Accessibility Guidelines

Recommendations on accessibility

Exact recommendations on what constitutes reasonable effort are unavailable. The Web Accessibility Initiative recommendations are divided into three sections:

Priority 1
Those that must be done or some people will be unable to access the document.
Priority 2
Those that should be done to remove significant barriers to access.
Priority 3
Those that may be done to make documents easier to access.

From these definitions, it seems likely that a page that failed to meet the Priority 1 recommendations could be considered in breach of the law. It also seems likely that a page that met the Priority 1 and Priority 2 recommendations should meet the definition of 'reasonable effort' (provided, of course, that any accessibility issues not mentioned in those recommendations were promptly fixed if the maintainer of the page or site was informed). What the legal situation of a page that met only the Priority 1 recommendations would be is less clear, and will remain so until there have been some test cases.

Guidelines for meeting the recommendations

The guidelines in this section of the site are designed to help you meet the Priority 1 recommendations and Priority 2 recommendations. Guidelines for meeting the Priority 3 recommendations may be added at a later date. There is also a section on techniques to improve accessibility in non-visual media as these have specific considerations different to those for visual media.

If you are making an existing site more accessible

You should fix any Priority 1 issues first, and then move on to fixing Priority 2 issues. Depending on the current levels of accessibility of the site, its size, and whether there is any form of content management or templating in place, you may decide that it is easier to re-design the site entirely.

If you are writing a new site or making a substantial redesign of an existing site.

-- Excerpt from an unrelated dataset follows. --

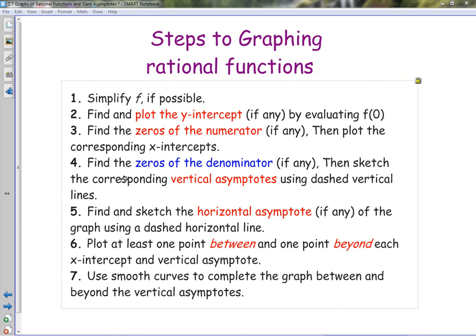Hi, welcome back. We're going to look at how to graph rational functions by hand. The reason we're doing this is to make sure we understand how the calculator is doing it, so we can verify on the calculator that it does it correctly. First of all, you're going to simplify f, or simplify the function.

You should design the site with both Priority 1 and Priority 2 recommendations in mind from the start. Some aspects of the Priority 2 recommendations are difficult to introduce to an existing site without large amounts of work, but can be introduced into a new site with little extra effort.

Meeting Priority 3 recommendations

Generally, introducing measures to comply with these recommendations is relatively simple provided that:

  1. The site already complies with at least the majority of the Priority 2 recommendations
  2. The site is based on some form of templating system (either using Dreamweaver templates or server-side scripting).

Many Priority 3 recommendations are straightforward to meet and this should be done. However, we do not recommend the use of AccessKeys, as in most common browsers these can reduce accessibility by interfering with the standard browser keyboard controls. Also, tabindex should not be used - instead create the logical tab order by ordering the elements correctly in the HTML document.